Tzarich Iyun > “Seder Sheni”: Reflections > Economics and Workplace > Saving Charedim from Dangerous Investments

Saving Charedim from Dangerous Investments

Many in Charedi society fall victim to dubious investments: sophisticated con jobs, creative pyramid schemes, and real estate deals based on nothing. Why does this happen so often to us, and what can we do to stop it?

Kislev 5782 / November 2021

If you are part of a Charedi community, you have likely heard multiple versions of this story. This time it’s a promising real estate deal in vacation houses in Wyoming; that time some app that will revolutionize the world of foreign currency; another time it could be an investment fund promising to find the very best entrepreneurs. These grandiose promises are usually made by people well-known to the community, and the investors usually end up in a creek.

Why does this happen? Charedim are probably no more gullible than other people. I have met many broken-hearted investors before. They are usually wise and intelligent. They would never act so recklessly in any other area of life. Observe, for instance, how Charedi individuals behave when it comes to Shidduchim. Over years of experience, the community has established thorough research practices. References are checked, candidates vetted, and so on. At the end of the process, every relevant detail (and many irrelevant ones) in the history of a Shidduch candidate and his/her family is known to the parties. But somehow this commitment to due diligence takes our leave when it comes to money. People are trusting when they should be skeptical, careless when they should be cautious.

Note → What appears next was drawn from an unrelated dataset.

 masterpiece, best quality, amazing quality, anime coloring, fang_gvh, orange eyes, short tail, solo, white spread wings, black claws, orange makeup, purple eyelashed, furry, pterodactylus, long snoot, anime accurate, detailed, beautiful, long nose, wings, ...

In this article, I will try to explain why many can fall easy prey to these sorts of swindles and what can be done to cope with the problem.

 

A Cooker Pressure Called Marriage

Married Chareidim are at particular risk for bad investments. Young Charedi men know very well that getting married in the Charedi community requires money, and a lot of it. True, there are significant differences between various subgroups, but there are hardly any parents who do not have to raise at least 100,000 shekels (at least 200,000 is perhaps more accurate) during the engagement period – and that sum can easily reach a full million.

Between the age of forty and sixty, he will have to pay back everything invested in him with compound interest: depending on the standards of his community, he will have to raise over a million shekel – and sometimes several million – to marry off his kids

The engaged young man witnesses this effort by parents to raise the needed funds. Standing under the chuppah, he understands that he has a problem: the clock is ticking. In eighteen to twenty years, he is going to be in the same position. Between the age of forty and sixty, he will have to pay back everything invested in him with compound interest: depending on the standards of his community, he will have to raise over a million shekel – and sometimes several million – to marry off his kids.

This impression is particularly burdensome upon young couples who witnessed the tough consequences of their parents having to raise such enormous sums. Many of them witnessed friction between parents, physical and emotional breakdowns, and all sorts of other extreme situations. They don’t believe they can stop the madness – changing society is beyond them, and it has been spoken about for too long to believe that things will actually change – and they understand that it will catch up to them, too.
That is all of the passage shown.